"""
for every method and dataset: load the mrr per relation and add it to new columns to the
dataset_name/stats/relation_statistics_dataset_name.csv dataframe
compute it separately for head and tail direction
for this, we need to have extracted the mrr per relation for each method and dataset
"""

## imports
import numpy as np
import sys
import os
import os.path as osp
tgb_modules_path = osp.abspath(os.path.join(os.path.dirname(__file__),  '..'))
sys.path.append(tgb_modules_path)
import json
import numpy as np
import pandas as pd
import stats_figures.dataset_utils as du


# specify params
names = [ 'tkgl-polecat', 'tkgl-icews', 'tkgl-polecat', 'tkgl-smallpedia'] #'tkgl-polecat','tkgl-smallpedia',  'tkgl-yago',  'tkgl-icews' ,'tkgl-smallpedia','thgl-myket','tkgl-yago',  'tkgl-icews','thgl-github', 'thgl-forum', 'tkgl-wikidata']
methods = ['recurrency', 'regcn', 'cen'] #'recurrency'

# this is where the results per relation are stored
model_names = {'recurrency': {'tkgl-polecat': ['saved_models/RecurrencyBaseline', 1],
                              'tkgl-icews': ['saved_models/RecurrencyBaseline', 500],
                              'tkgl-smallpedia': ['saved_models/RecurrencyBaseline', 1]},
               'regcn': {'tkgl-polecat': 'saved_results/REGCN_tkgl-polecat_results_per_rel.json',
                         'tkgl-icews': 'saved_results/REGCN_tkgl-icews_results_per_rel.json',
                         'tkgl-smallpedia': 'saved_results/REGCN_tkgl-smallpedia_results_per_rel.json'},
                'cen': {'tkgl-polecat': 'saved_results/CEN_tkgl-polecat_results_per_rel.json',
                        'tkgl-icews': 'saved_results/CEN_tkgl-icews_results_per_rel.json',
                        'tkgl-smallpedia': 'saved_results/CEN_tkgl-smallpedia_results_per_rel.json'}, 
                'tlogic': {'tkgl-smallpedia': 'saved_results/TLogic_tkgl-smallpedia_results_per_rel.json'}
                }

def inverse_rel(rel_id, max_id):
    inverse_rel = rel_id + max_id + 1
    return inverse_rel
# run through each datasest
for dataset_name in names:
    # read dataframe with the stats for this dataset from csv
    print(dataset_name)
    modified_dataset_name = dataset_name.replace('-', '_')
    current_dir = os.path.dirname(os.path.abspath(__file__))
    # Navigate one folder up
    parent_dir = os.path.dirname(current_dir)

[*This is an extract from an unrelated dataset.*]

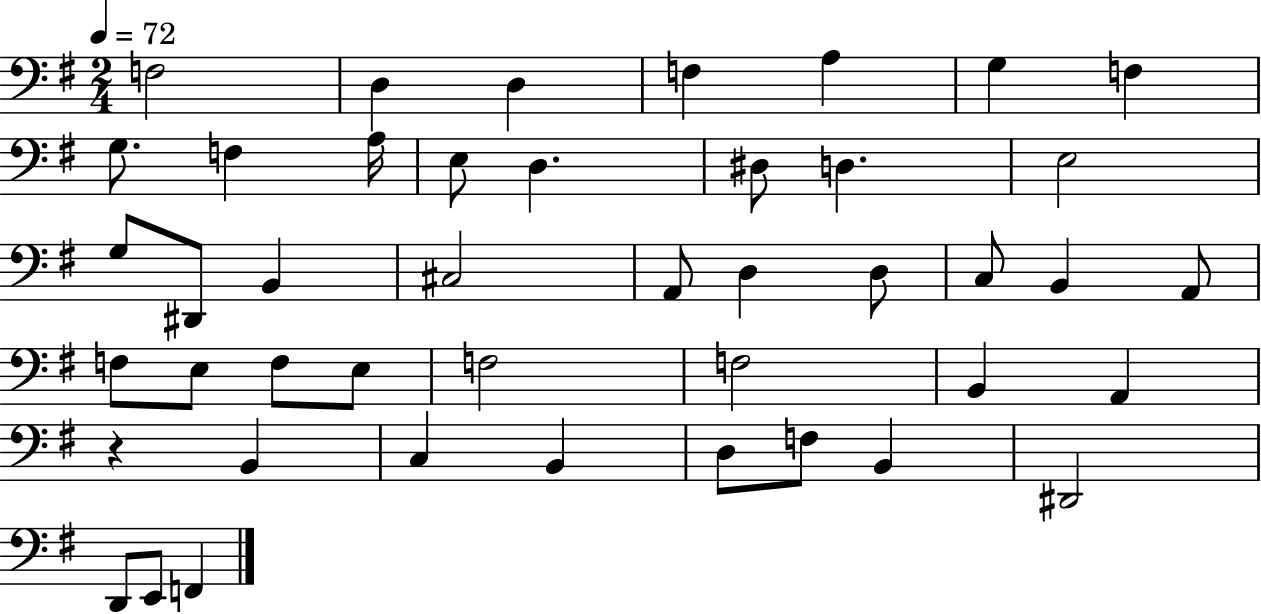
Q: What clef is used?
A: bass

    tgb_dir = os.path.dirname((os.path.dirname(os.path.abspath(__file__))))
    figs_dir = os.path.join(current_dir, dataset_name, 'figs')
    # Create the 'figs' directory if it doesn't exist
    if not os.path.exists(figs_dir):
        os.makedirs(figs_dir)
    stats_dir = os.path.join( current_dir, dataset_name, 'stats')
    if not os.path.exists(stats_dir):
        os.makedirs(stats_dir)
    stats_df = pd.read_csv(os.path.join(stats_dir, f"relation_statistics_{dataset_name}.csv"))
    

    for method in methods:
        results_dict = os.path.join(tgb_dir, 'examples', 'linkproppred', dataset_name)

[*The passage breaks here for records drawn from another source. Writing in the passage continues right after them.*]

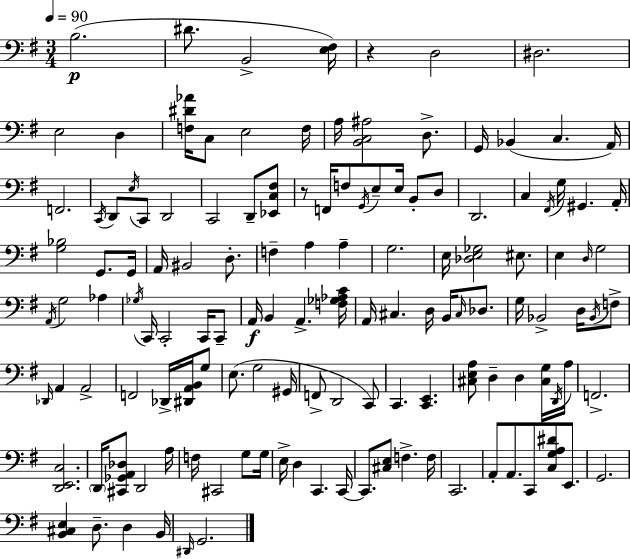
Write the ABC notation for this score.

X:1
T:Untitled
M:3/4
L:1/4
K:G
B,2 ^D/2 B,,2 [E,^F,]/4 z D,2 ^D,2 E,2 D, [F,^D_A]/4 C,/2 E,2 F,/4 A,/4 [B,,C,^A,]2 D,/2 G,,/4 _B,, C, A,,/4 F,,2 C,,/4 D,,/2 E,/4 C,,/2 D,,2 C,,2 D,,/2 [_E,,C,^F,]/2 z/2 F,,/4 F,/2 G,,/4 E,/2 E,/4 B,,/2 D,/2 D,,2 C, ^F,,/4 G,/4 ^G,, A,,/4 [G,_B,]2 G,,/2 G,,/4 A,,/4 ^B,,2 D,/2 F, A, A, G,2 E,/4 [_D,E,_G,]2 ^E,/2 E, D,/4 G,2 A,,/4 G,2 _A, _G,/4 C,,/4 C,,2 C,,/4 C,,/2 A,,/4 B,, A,, [F,_G,_A,C]/4 A,,/4 ^C, D,/4 B,,/4 ^C,/4 _D,/2 G,/4 _B,,2 D,/4 _B,,/4 F,/2 _D,,/4 A,, A,,2 F,,2 _D,,/4 [^D,,A,,B,,]/4 G,/2 E,/2 G,2 ^G,,/4 F,,/2 D,,2 C,,/2 C,, [C,,E,,] [^C,E,A,]/2 D, D, [^C,G,]/4 D,,/4 A,/4 F,,2 [D,,E,,C,]2 D,,/4 [^C,,_G,,A,,_D,]/2 D,,2 A,/4 F,/4 ^C,,2 G,/2 G,/4 E,/4 D, C,, C,,/4 C,,/2 [^C,E,]/2 F, F,/4 C,,2 A,,/2 A,,/2 C,,/2 [C,G,A,^D]/2 E,,/2 G,,2 [B,,^C,E,] D,/2 D, B,,/4 ^D,,/4 G,,2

        # if the method is recurrency, we need to load the results from the csv and compute the mean value per relation
        # load csv, create dict with the mean value per relation
        if method == 'recurrency':
            name = model_names[method][dataset_name][0]
            seed = model_names[method][dataset_name][1]
            results_filename = f'{results_dict}/{name}'

            mrr_per_rel, full_mrr = du.read_dict_compute_mrr_per_rel(results_dict, name, dataset_name, seed, num_rels=0, split_mode='test')
        
        else:
            name = model_names[method][dataset_name]
            results_filename = f'{results_dict}/{name}'
            with open(results_filename, 'r') as json_file:
                mrr_per_rel = json.load(json_file)
        num_rels = len(list(set(stats_df['relation'])))
        max_id = max(list(set(stats_df['relation'])))
        assert num_rels == max_id+1

        for rel in stats_df['relation']:
            if str(rel) in mrr_per_rel:
                stats_df.loc[stats_df['relation'] == rel, method+'_tail'] = mrr_per_rel[str(rel)]
                stats_df.loc[stats_df['relation'] == rel, method+'_head'] = mrr_per_rel[str(inverse_rel(rel, max_id))]
            elif rel in mrr_per_rel:
                stats_df.loc[stats_df['relation'] == rel, method+'_tail'] = mrr_per_rel[rel]
                stats_df.loc[stats_df['relation'] == rel, method+'_head'] = mrr_per_rel[inverse_rel(rel, max_id)]
            else:
                stats_df.loc[stats_df['relation'] == rel, method+'_tail'] = 'N/A'
                stats_df.loc[stats_df['relation'] == rel, method+'_head'] = 'N/A'
        # save the dataframe with the new columns
        stats_df.to_csv(os.path.join(stats_dir, f"relation_statistics_{dataset_name}.csv"), index=False)

        # save dataframe with the new columns